• Dataset entries:
==================================================

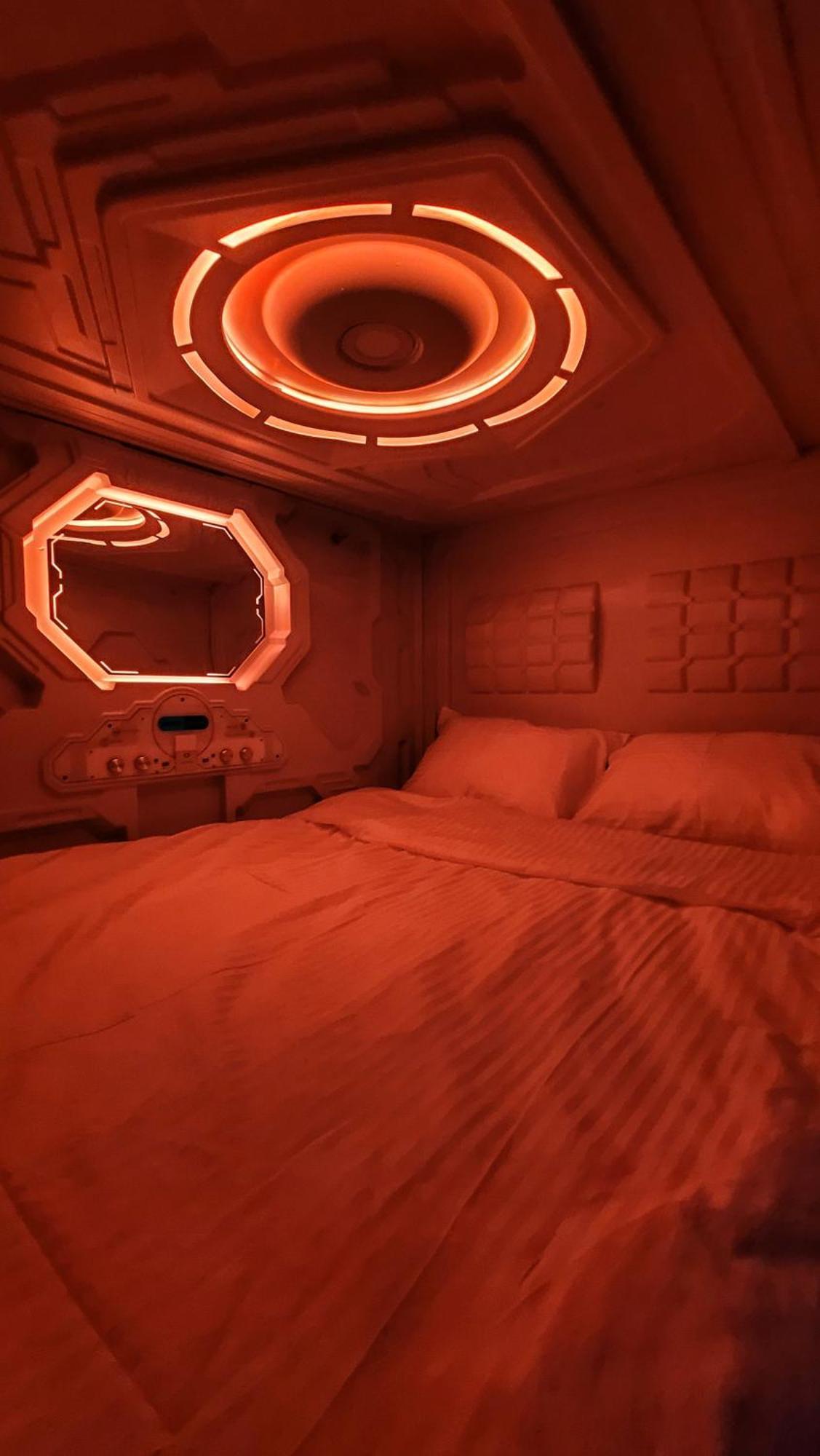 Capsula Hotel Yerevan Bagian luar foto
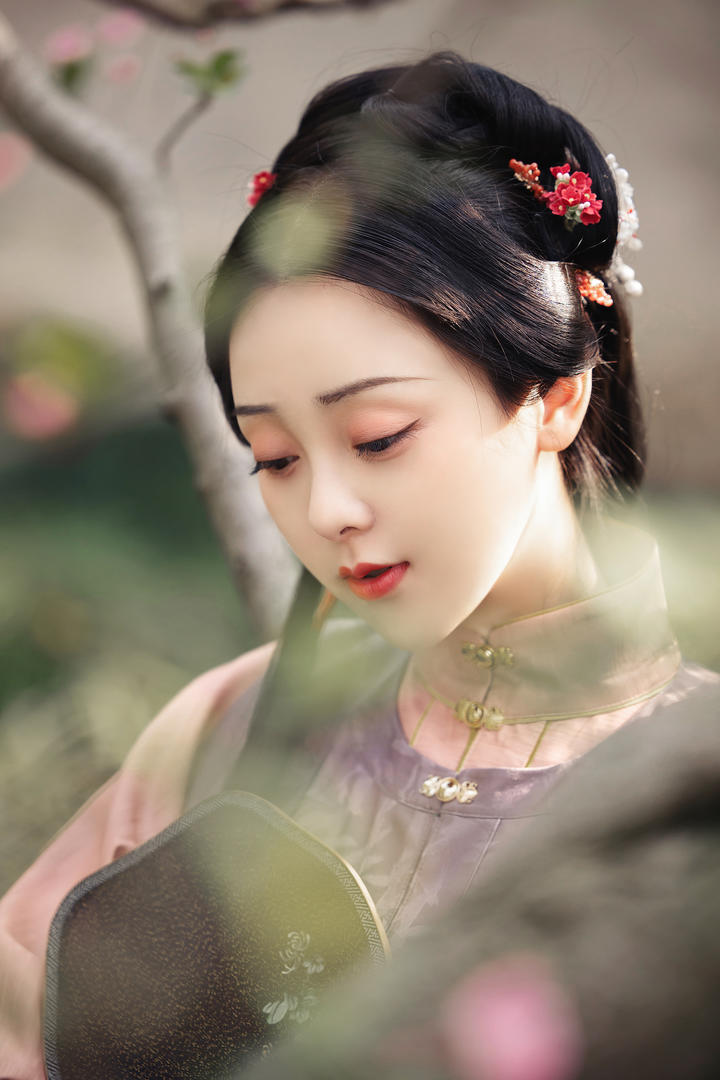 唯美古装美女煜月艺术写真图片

==================================================

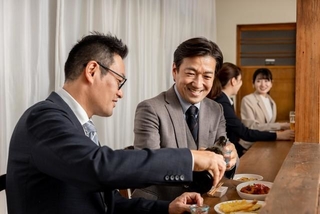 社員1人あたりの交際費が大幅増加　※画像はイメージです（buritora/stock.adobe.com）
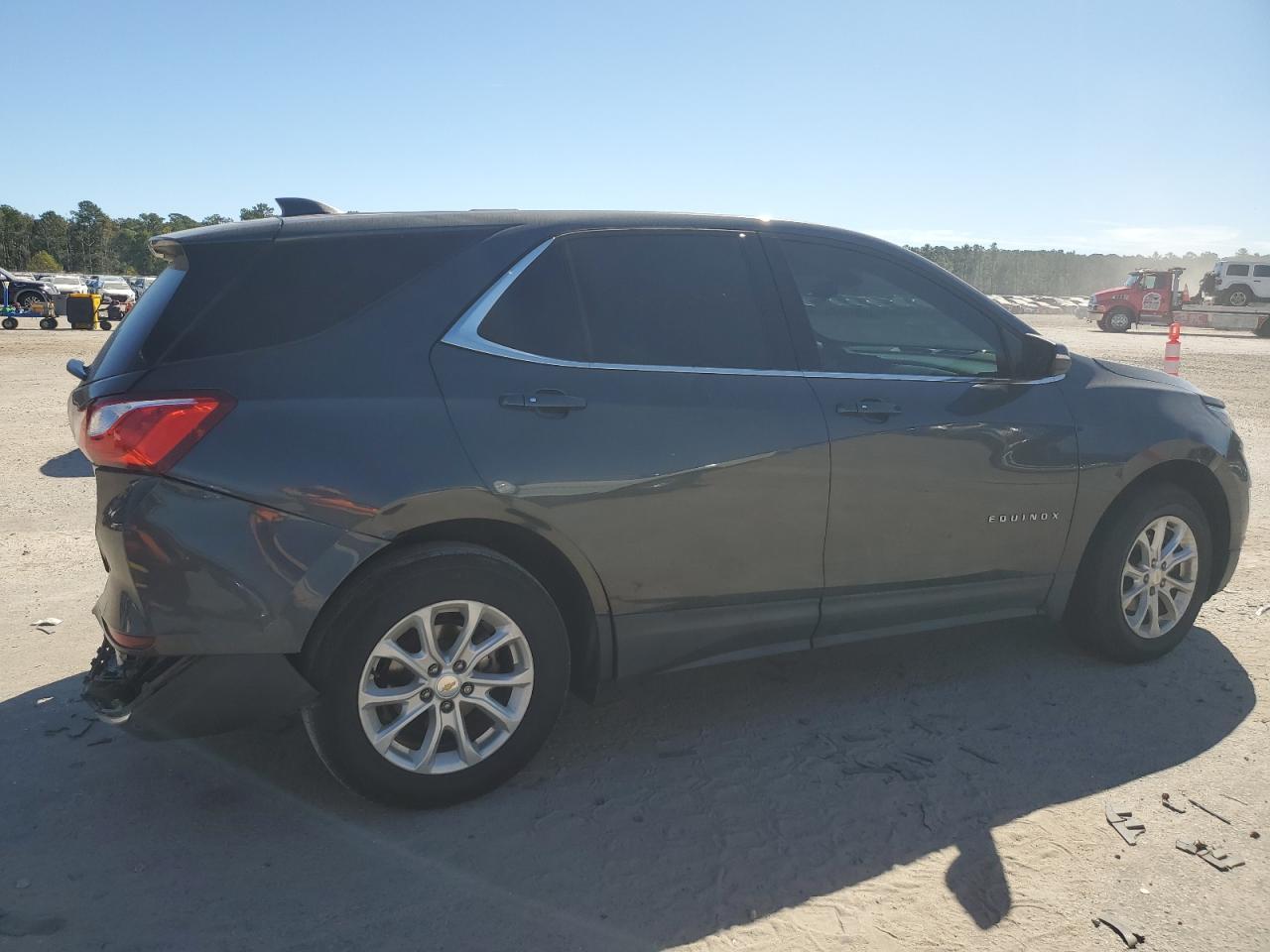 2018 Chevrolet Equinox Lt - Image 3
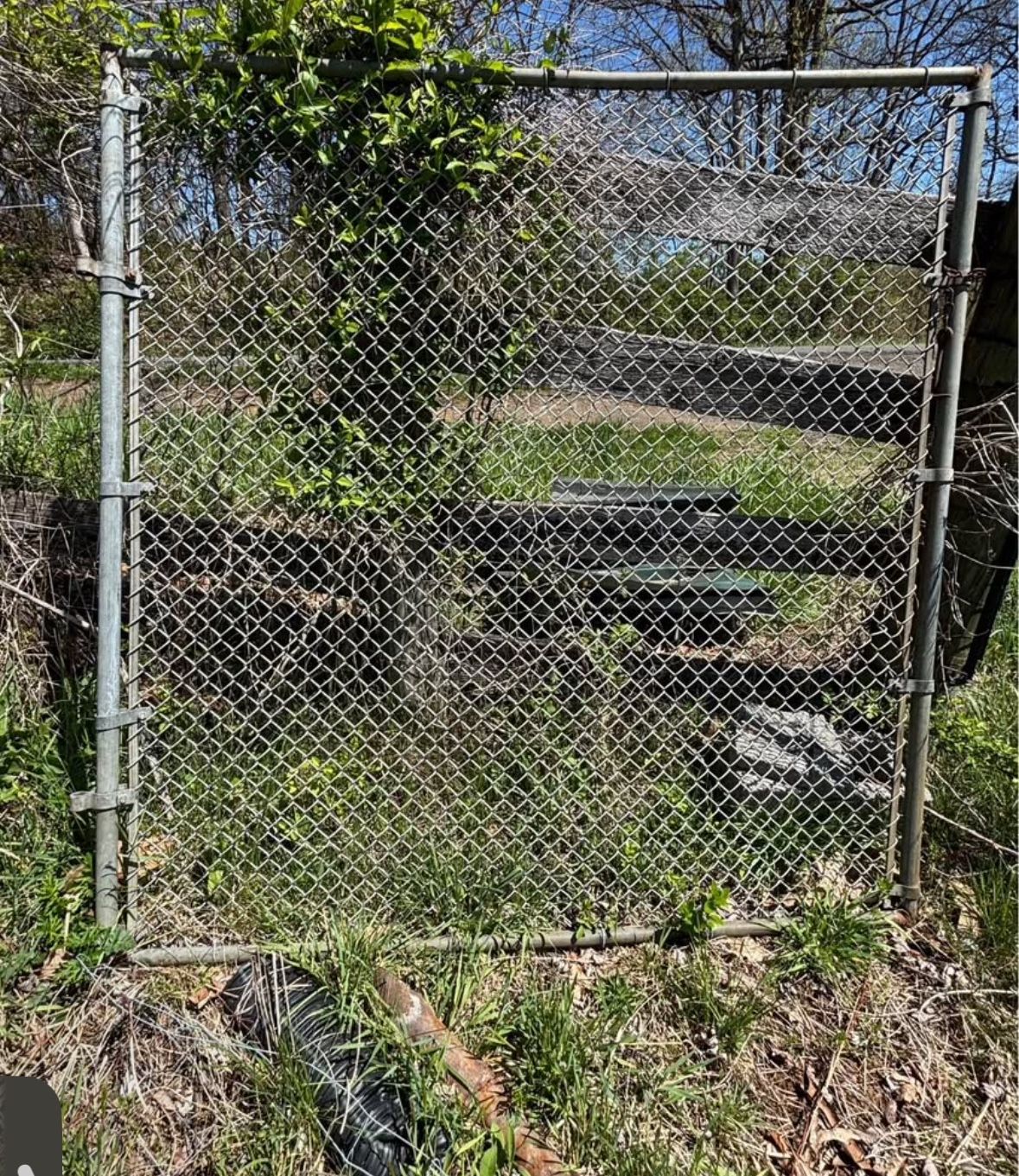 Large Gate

==================================================

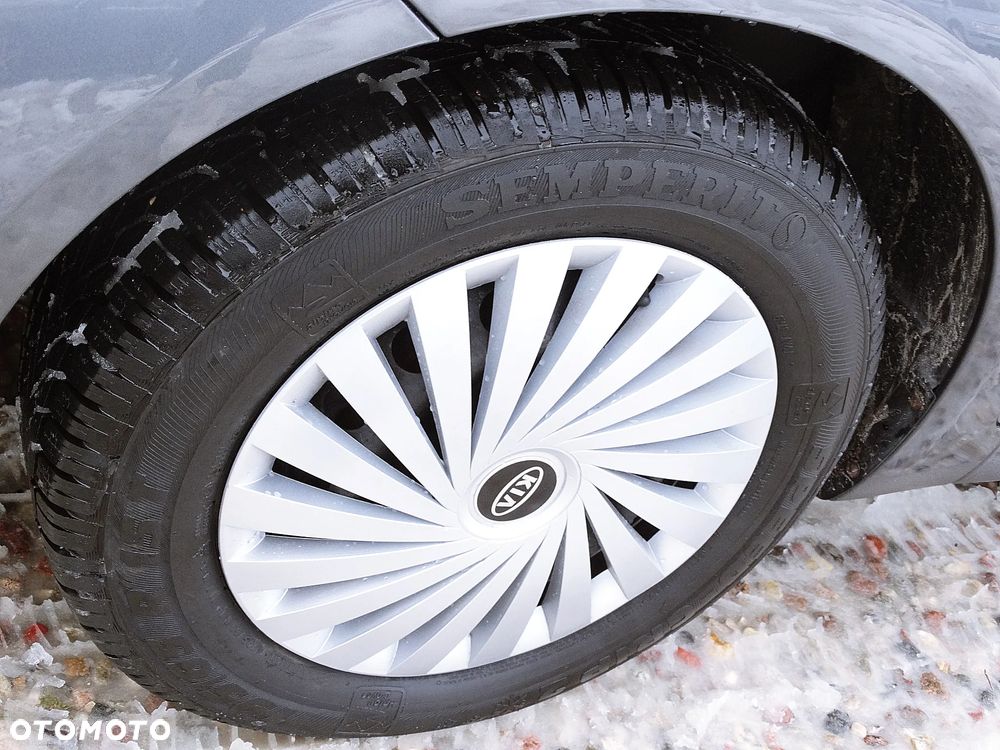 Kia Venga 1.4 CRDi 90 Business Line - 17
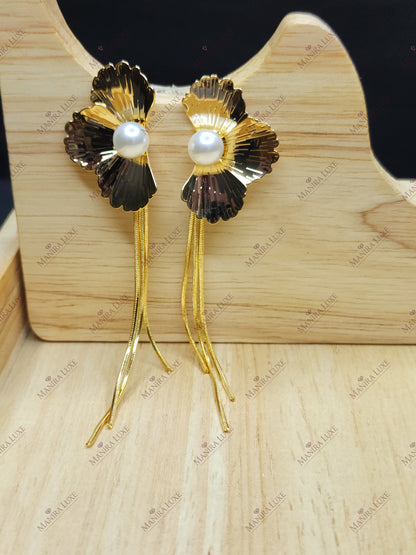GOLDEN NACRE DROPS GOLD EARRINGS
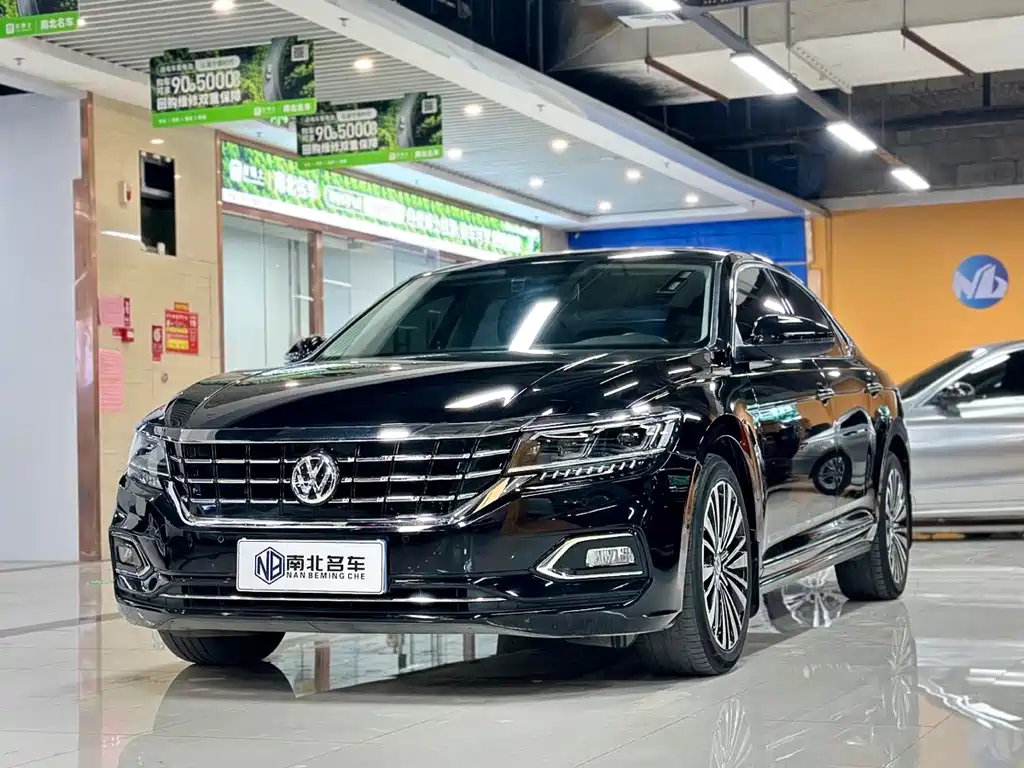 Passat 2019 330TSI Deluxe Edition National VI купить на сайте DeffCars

==================================================

To complete this exercise, transcribe exactly the lines above from the one that holds "Kia Venga 1.4 CRDi 90 Business Line - 17" through the one that holds "Passat 2019 330TSI". Pictures stay out.

• Solution for this problem:
 Kia Venga 1.4 CRDi 90 Business Line - 17
GOLDEN NACRE DROPS GOLD EARRINGS
 Passat 2019 330TSI Deluxe Edition National VI купить на сайте DeffCars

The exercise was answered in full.